Il Medio Oriente continua a vivere ore di forte tensione nonostante l’annuncio di un cessate il fuoco tra Israele e Hezbollah. Secondo fonti americane citate da Reuters, l’intesa sarebbe entrata in vigore nel pomeriggio grazie a una mediazione condotta da Stati Uniti, Qatar e Iran. Tuttavia, poche ore dopo l’avvio della tregua, dal Libano sono arrivate segnalazioni di nuovi bombardamenti israeliani nel sud del Paese e di continui sorvoli di droni nelle aree interessate dal conflitto.

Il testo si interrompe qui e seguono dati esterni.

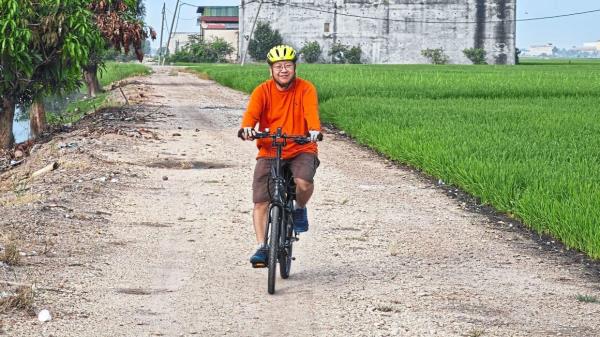 Riding along an unpaved path in Sekinchan.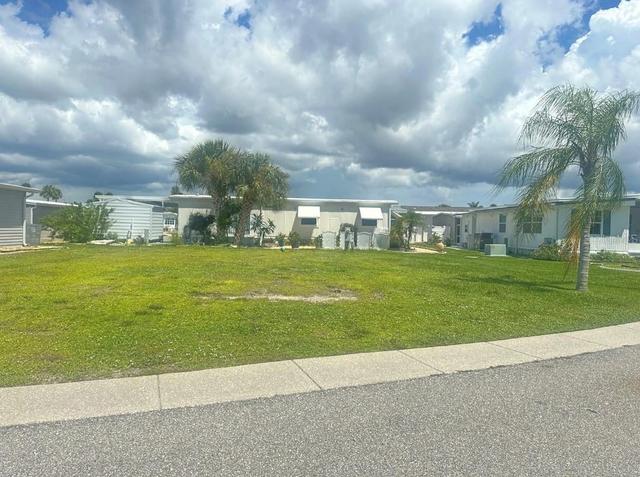 5881 Sunflower Rd, Venice, FL 34293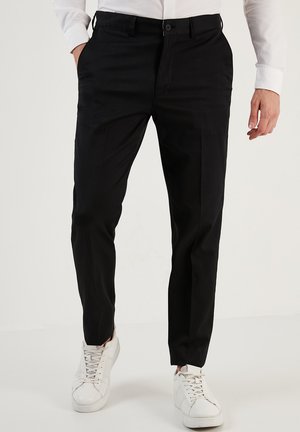 REGULAR FIT - Broek - black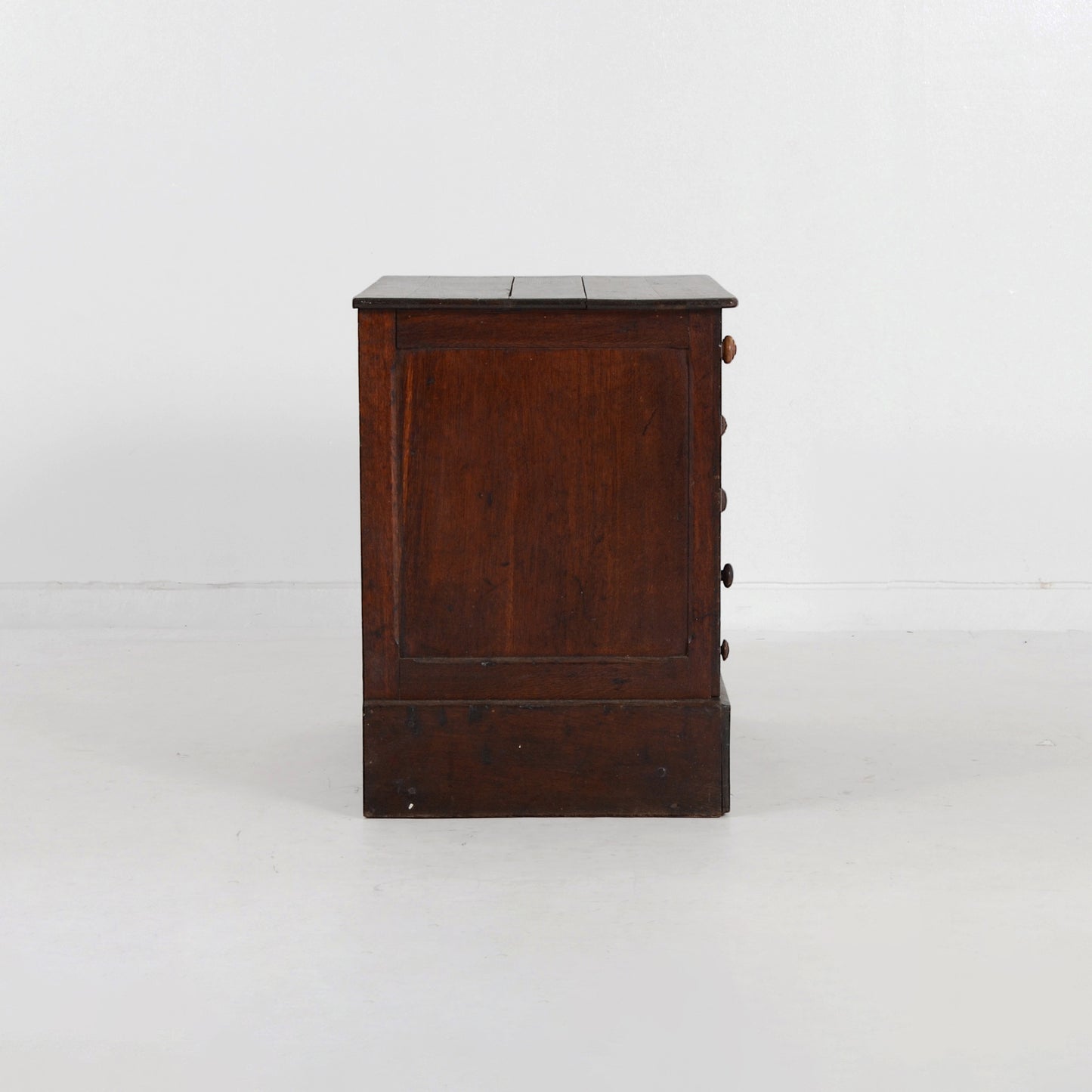 オークチェスト 1800’s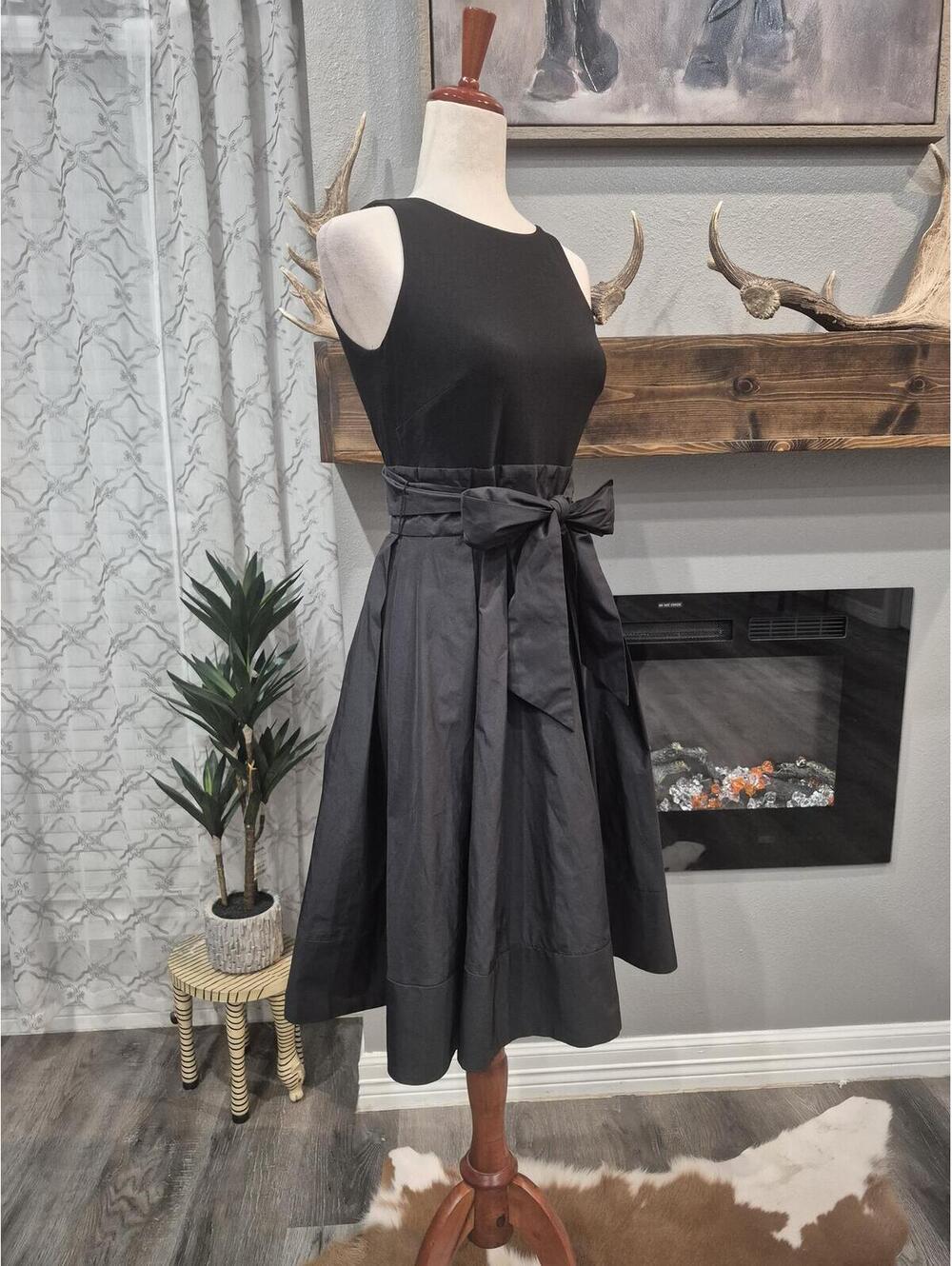 Lauren Ralph Lauren Party Black dress Size 2 - Picture 8 of 9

L’esercito israeliano ha confermato che le proprie forze continueranno a operare nel Libano meridionale fino a nuove disposizioni. Il governo di Benjamin Netanyahu sostiene che le operazioni siano una risposta alle violazioni della tregua attribuite a Hezbollah. Dal canto suo, il movimento sciita nega ogni responsabilità e accusa Israele di non aver mai rispettato gli accordi di cessate il fuoco sottoscritti negli ultimi anni.
Il bilancio della giornata è pesante. Il Ministero della Salute libanese ha riferito che i raid israeliani hanno causato almeno 47 vittime prima dell’entrata in vigore del cessate il fuoco. Nelle stesse ore l’Idf ha reso noto che quattro militari israeliani sono rimasti uccisi in uno scontro a fuoco con Hezbollah nel sud del Libano.
Sul piano diplomatico si registra invece una brusca frenata nei rapporti tra Washington e Teheran. I colloqui che avrebbero dovuto svolgersi in Svizzera tra Stati Uniti, Iran, Qatar e Pakistan sono stati rinviati a tempo indeterminato. La decisione è arrivata dopo la cancellazione della missione del vicepresidente americano JD Vance e mentre proseguivano le ostilità in Libano. Secondo fonti diplomatiche, Teheran avrebbe chiesto garanzie sulla cessazione delle operazioni militari israeliane prima di tornare al tavolo negoziale.
Nel frattempo l’Iran ha annunciato nuove misure per il traffico marittimo nello strategico Stretto di Hormuz. Le navi che intendono attraversarlo dovranno richiedere l’autorizzazione almeno 48 ore prima del transito e coordinarsi con le autorità iraniane. La decisione arriva mentre il traffico commerciale nello stretto ha raggiunto i livelli più elevati degli ultimi mesi, tornando a crescere dopo l’accordo preliminare tra Stati Uniti e Iran.
Le tensioni restano alte anche sul piano politico. Da Teheran arrivano nuove minacce di una risposta “schiacciante” in caso di violazione delle proprie linee rosse, mentre da Israele diversi esponenti del governo chiedono un ulteriore inasprimento delle operazioni militari contro Hezbollah. Uno scenario che continua a rendere estremamente fragile qualsiasi prospettiva di stabilizzazione nella regione.